Virtually all Unix documentation recommends that filesystems be unmounted before a backup is performed (except for the root filesystem). This recommendation is rarely followed, and in practice, backups can be performed on mounted filesystems. However, you need to make users aware that open files are not always backed up correctly. It is also true that there are circumstances in which events in an active filesystem can cause some files or even the entire backup archive itself to be corrupt. We will consider those that are relevant to the various availablebackup programs as we discuss them.

11.1.1 Backup Capacity Planning

Once you have gathered all the data about what needs to be backed up and the resources available for doing so, a procedure like the following can be used to develop the detailed backup plan itself:

  1. Begin by specifying an idealbackup schedule without considering any of the constraints imposed by your actual situation. List what data you would like to be backed up, how often it needs to be backed up, and what subdivisions of the total amount make sense.

  2. Now compare that ideal schedule to what is actually possible in your environment, taking the following points into consideration:

    • When the data is available to be backed up: backing up open files is always problematic the best you can hope for is to get an uncorrupted snapshot of the state of the file at the instant that the backup is made so, ideally, backups should be performed on idle systems. This usually translates to after normal working hours.

    • How many tape drives (or other backup devices) are available to perform backups at those times and their maximum capacities and transfer rates: in order to determine the latter, you can start with the manufacturer's specifications for the device, but you will also want to run some timing tests of your own under actual conditions to determine realistic transfer rates that take into account the system loads, network I/O rates, and other factors in your environment. You will also need to take into account whether all the data is accessible to every backup device or not.

    At this point (as with any aspect of capacity planning), there is no substitute for doing the math. Let's consider a simple example: a site has 180 GB of data that all needs to be backed up once a week, and there are 3 tape drives available for backups (assume that all of the data is accessible to every drive). Ideally, backups should be performed only on week nights between midnight and 6 A.M. In order to get everything done, each tape drive will have to back up 60 GB of data in the 30 hours that the data is available. That means that each tape drive must write 2 GB of data per hour (333 KB/sec) to tape.

    This is within the capabilities of current tape drives when writing local data.[2] However, much of the data in our example is distributed across a network, so there is a chance that data might not be available at a fast enough rate to sustain the tape drive's top speed. Some backup programs also pause when they encounter an open file, giving it a chance to close (30 seconds is a typical wait period); when there are a lot of open files in a backup set, this can substantially increase how long the backup takes to complete.

    [2] In practice, of course, you would also need an auto loading tape device (or someone to change tapes in the middle of the night).

    In addition, we have not made any allowances for performing incremental backups (discussed below) between full backups. Thus, this example situation seems to strain the available resources.

  3. Make modifications to the plan to take into account the constraints of your environment.
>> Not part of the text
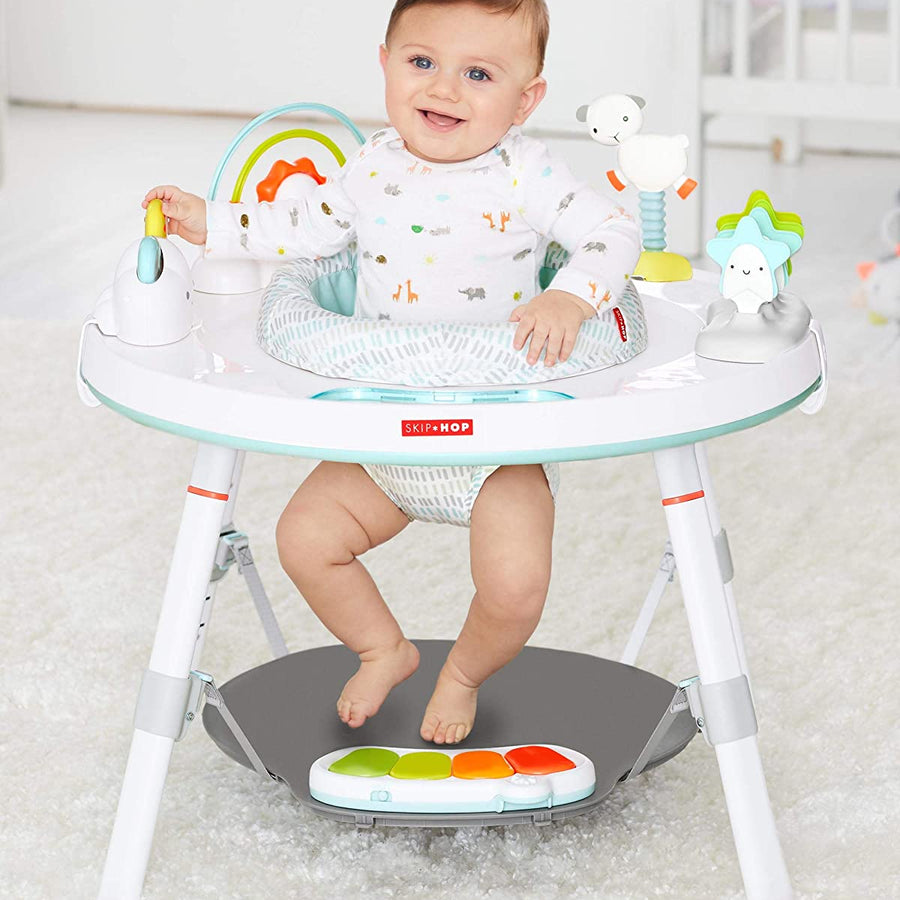 Skip Hop Baby Activity Center: Interactive Play Center with 3-Stage Grow-with-Me Functionality, 4mo+, Silver Lining Cloud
Our example site is cutting things a bit too close for comfort, but they have several options for addressing this:

    • Adding additional backup hardware, in this case, a fourth tape drive.

    • Decreasing the amount of data to be backed up or the backup frequency: for example, they could perform full backups only every two weeks for some or all of the data.

    • Increasing the amount of time available/used for backups (for example, performing some backups on weekends or doing incremental backups during the early evening hours).

    • Staging backups to disk. This scheme writes the backup archives to a dedicated storage area. The files can then be written to tape at any subsequent time. Disks are also faster than tape drives, so this method also takes less time than directly writing to tape. It does, of course, require that sufficient disk space be available to store the archives.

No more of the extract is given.